─── The data ───

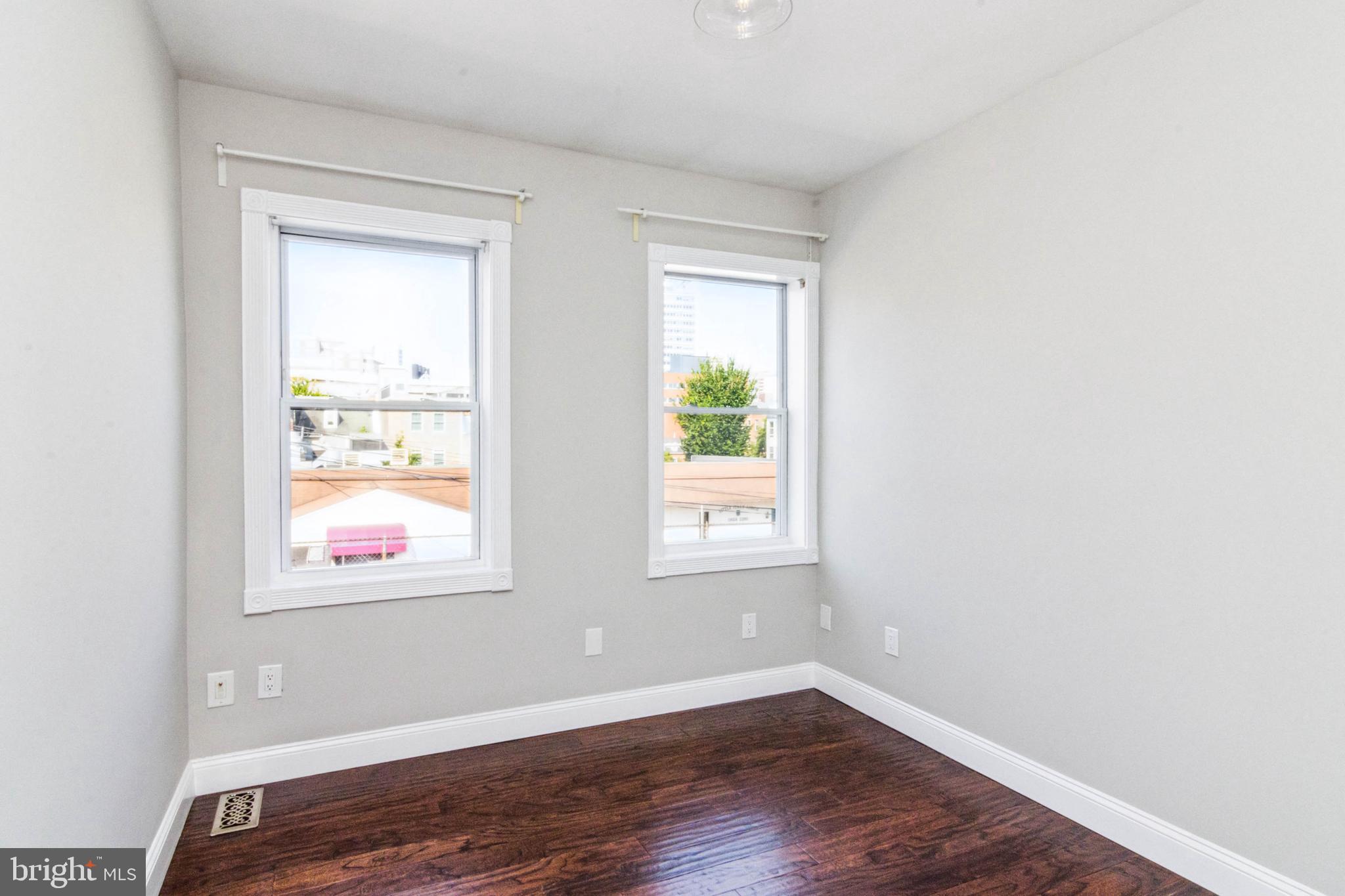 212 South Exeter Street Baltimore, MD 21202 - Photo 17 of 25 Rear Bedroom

───
─── The data ───

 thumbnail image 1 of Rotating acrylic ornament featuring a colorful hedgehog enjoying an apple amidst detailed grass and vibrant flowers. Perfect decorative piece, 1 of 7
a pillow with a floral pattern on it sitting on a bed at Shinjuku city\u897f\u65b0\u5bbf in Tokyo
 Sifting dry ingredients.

───

Try it
Keep both end lines and retype everything in the records above from the line containing "a pillow with" through the line containing "Sifting dry ingredients.", exactly, with nothing else.

Answer section
a pillow with a floral pattern on it sitting on a bed at Shinjuku city\u897f\u65b0\u5bbf in Tokyo
 Sifting dry ingredients.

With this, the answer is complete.